Exercise aim>
Using the material below, repeat exactly the lines from the one with "Welcome back. We" through the one with "Hi everybody, this", ends included, without any images.

Source data>
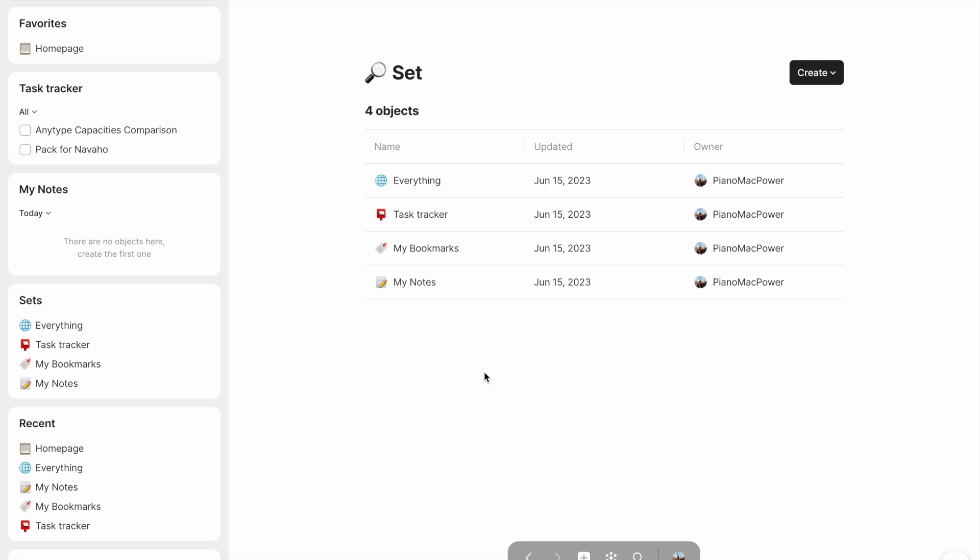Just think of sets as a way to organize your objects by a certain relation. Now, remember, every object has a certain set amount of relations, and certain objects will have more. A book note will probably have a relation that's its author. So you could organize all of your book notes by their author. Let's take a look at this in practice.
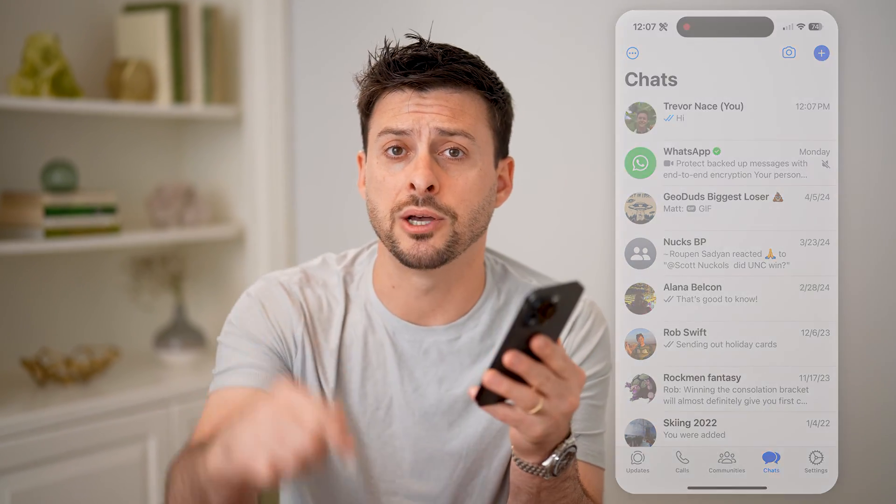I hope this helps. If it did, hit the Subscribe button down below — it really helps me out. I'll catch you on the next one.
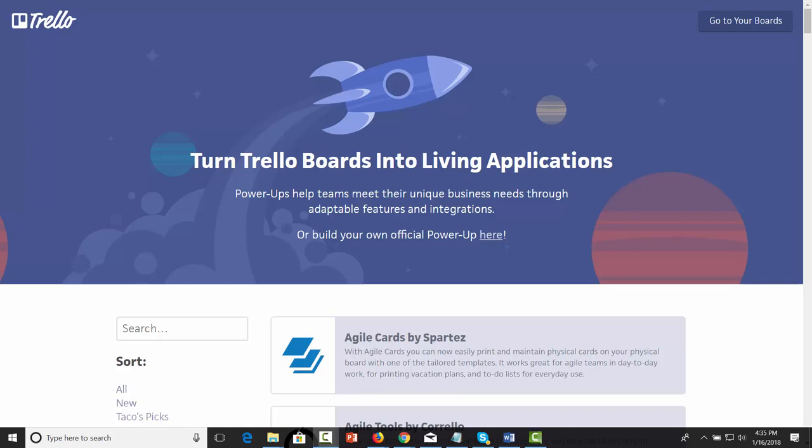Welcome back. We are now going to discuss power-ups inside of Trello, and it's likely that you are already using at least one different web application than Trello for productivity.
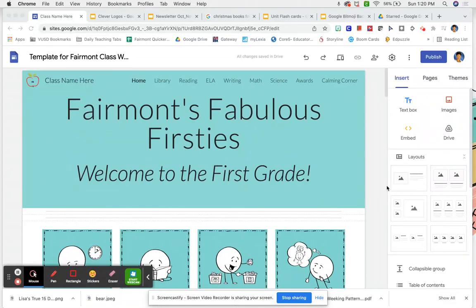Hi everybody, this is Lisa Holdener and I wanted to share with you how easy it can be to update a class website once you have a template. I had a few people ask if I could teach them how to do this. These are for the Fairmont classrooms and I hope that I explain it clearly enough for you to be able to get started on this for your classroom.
--
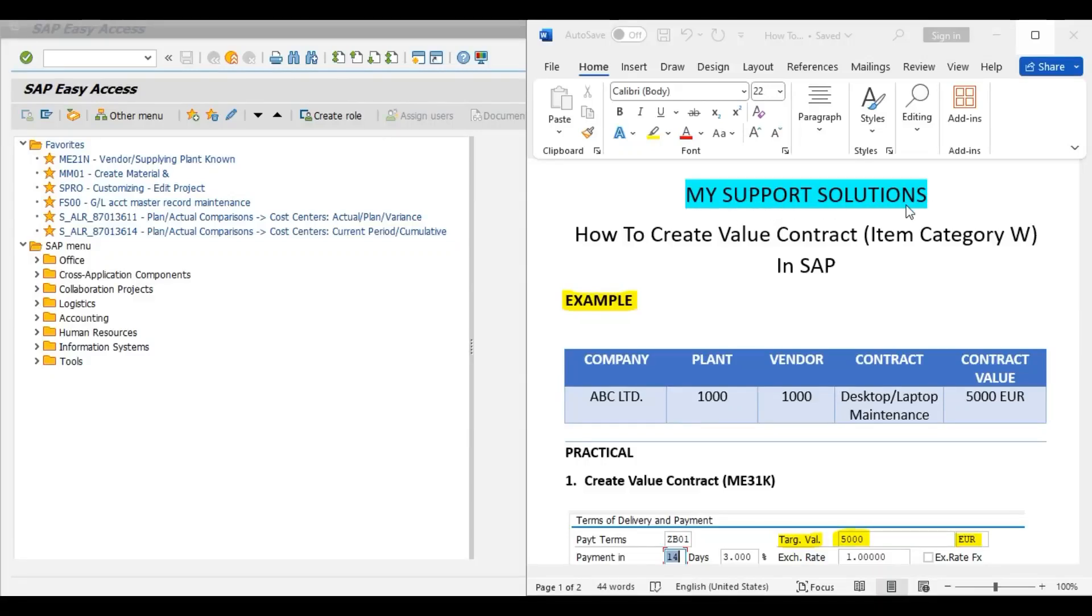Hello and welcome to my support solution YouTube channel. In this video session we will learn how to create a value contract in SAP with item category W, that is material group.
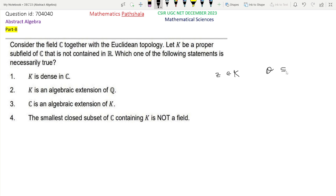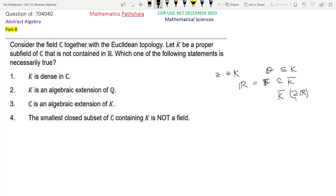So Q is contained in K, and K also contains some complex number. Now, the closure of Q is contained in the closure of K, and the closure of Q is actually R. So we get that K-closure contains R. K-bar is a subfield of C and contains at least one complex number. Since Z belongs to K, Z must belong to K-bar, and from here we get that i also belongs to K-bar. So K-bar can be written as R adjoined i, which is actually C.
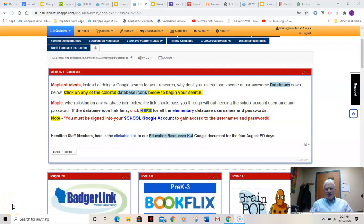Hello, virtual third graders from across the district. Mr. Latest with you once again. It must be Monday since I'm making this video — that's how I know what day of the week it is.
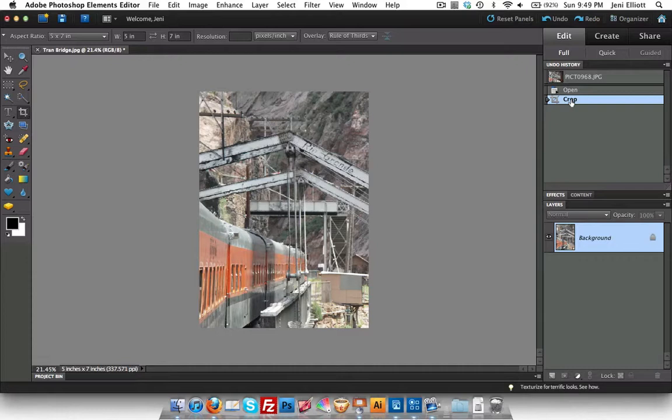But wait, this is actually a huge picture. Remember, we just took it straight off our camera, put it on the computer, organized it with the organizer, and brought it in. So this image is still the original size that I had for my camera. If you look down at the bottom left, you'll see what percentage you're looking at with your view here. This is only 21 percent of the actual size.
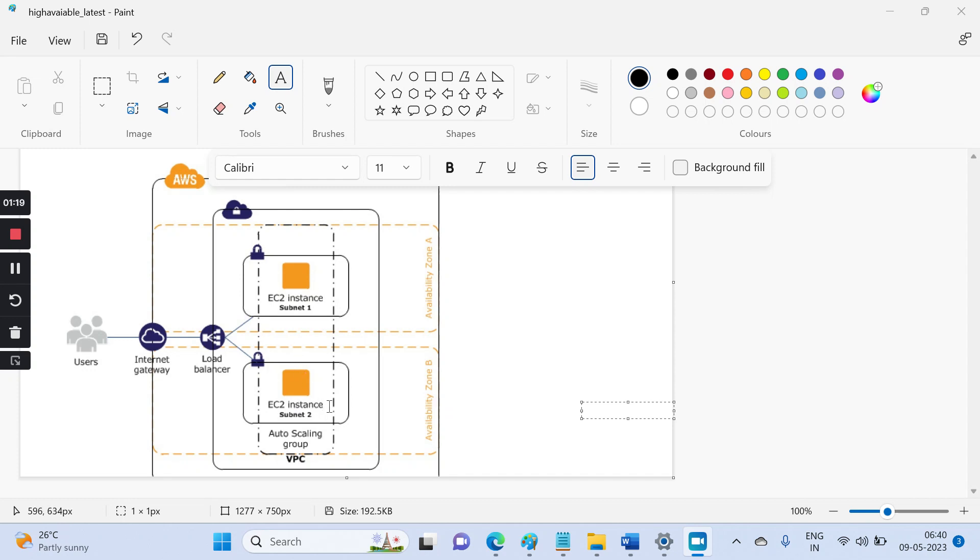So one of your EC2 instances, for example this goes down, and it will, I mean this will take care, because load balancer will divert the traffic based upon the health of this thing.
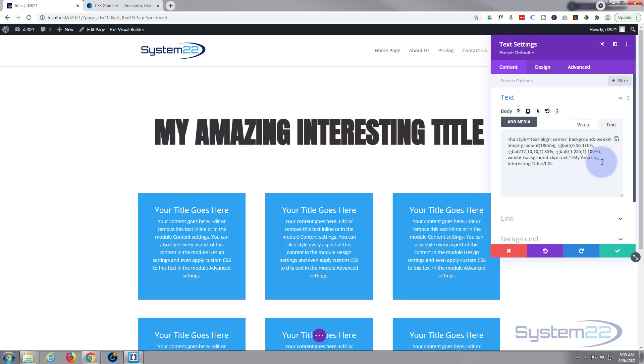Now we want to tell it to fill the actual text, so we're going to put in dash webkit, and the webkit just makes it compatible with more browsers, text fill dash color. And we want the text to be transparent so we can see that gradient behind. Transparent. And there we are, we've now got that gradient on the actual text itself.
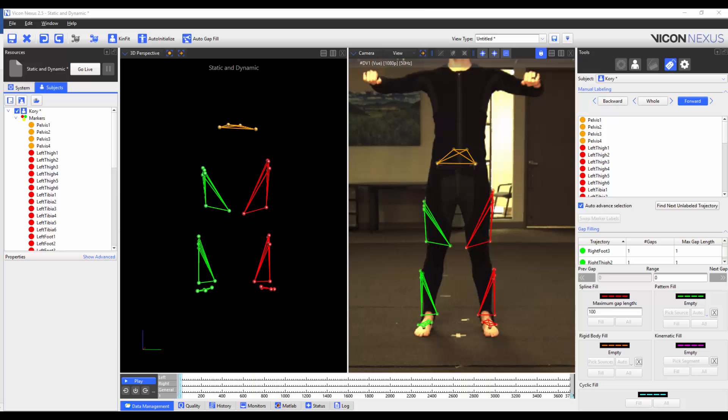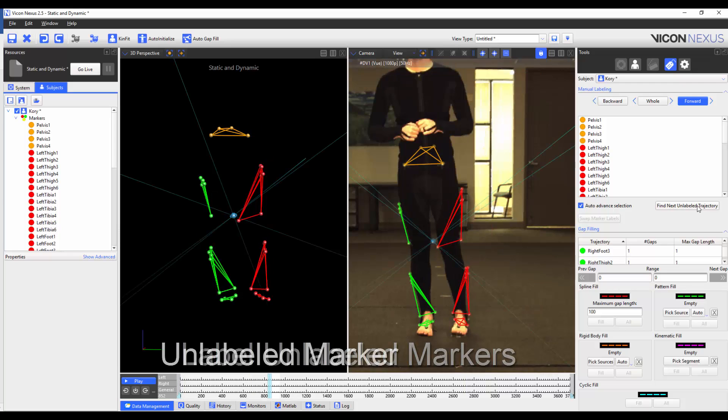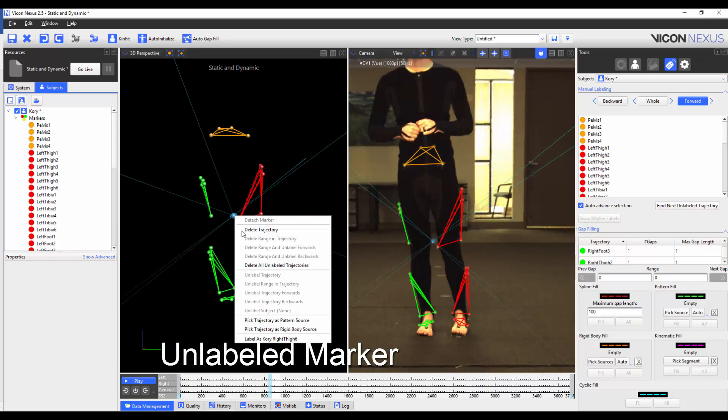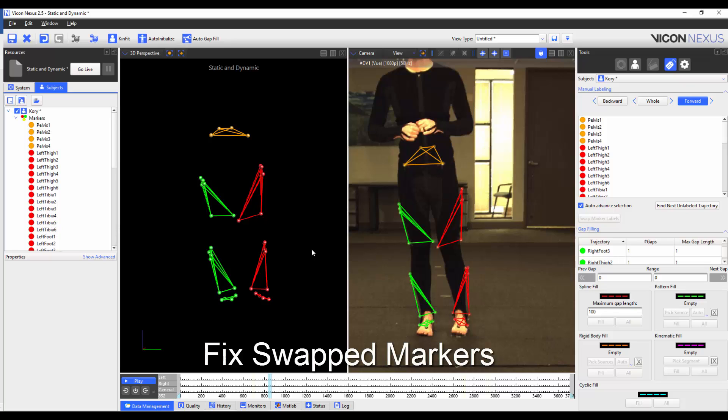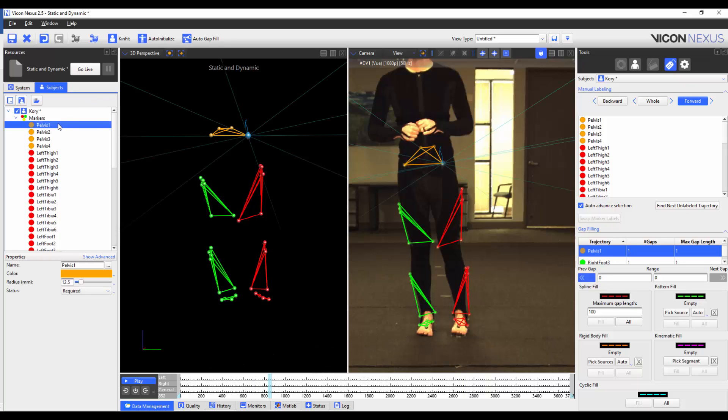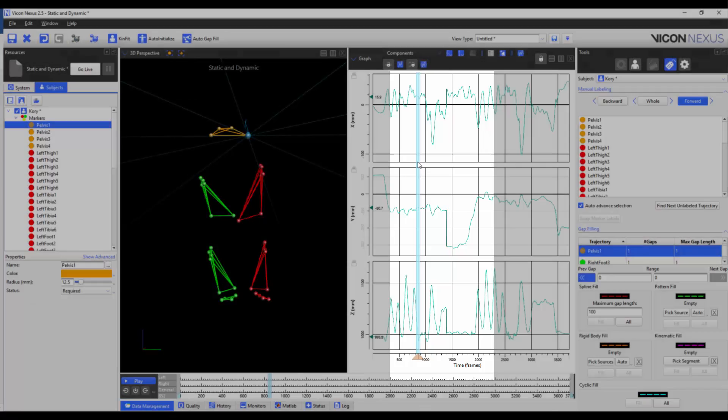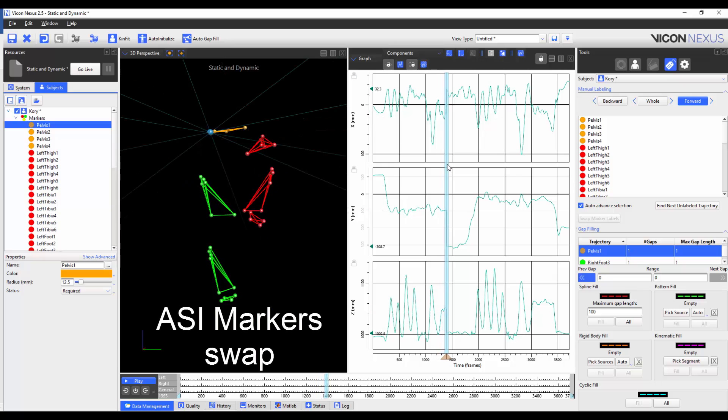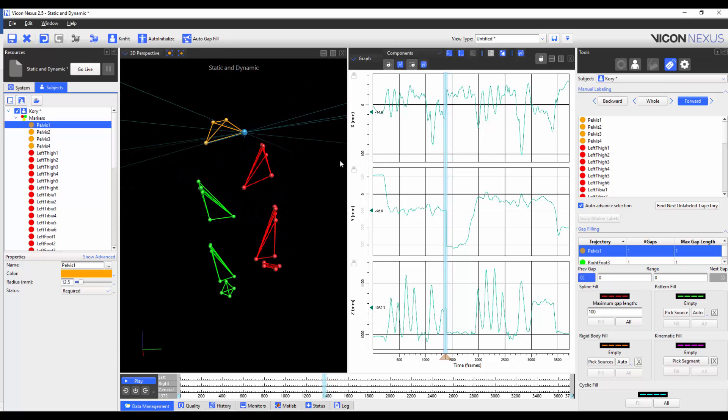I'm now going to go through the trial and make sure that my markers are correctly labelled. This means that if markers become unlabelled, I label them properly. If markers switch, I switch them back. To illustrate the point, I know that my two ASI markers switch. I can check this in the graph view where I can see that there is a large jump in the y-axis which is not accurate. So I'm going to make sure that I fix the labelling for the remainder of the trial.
==
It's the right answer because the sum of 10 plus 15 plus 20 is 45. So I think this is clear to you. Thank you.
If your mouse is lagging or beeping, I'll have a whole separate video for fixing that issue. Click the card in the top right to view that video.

Written reply>
Welcome back. We are now going to discuss power-ups inside of Trello, and it's likely that you are already using at least one different web application than Trello for productivity.
Hi everybody, this is Lisa Holdener and I wanted to share with you how easy it can be to update a class website once you have a template. I had a few people ask if I could teach them how to do this. These are for the Fairmont classrooms and I hope that I explain it clearly enough for you to be able to get started on this for your classroom.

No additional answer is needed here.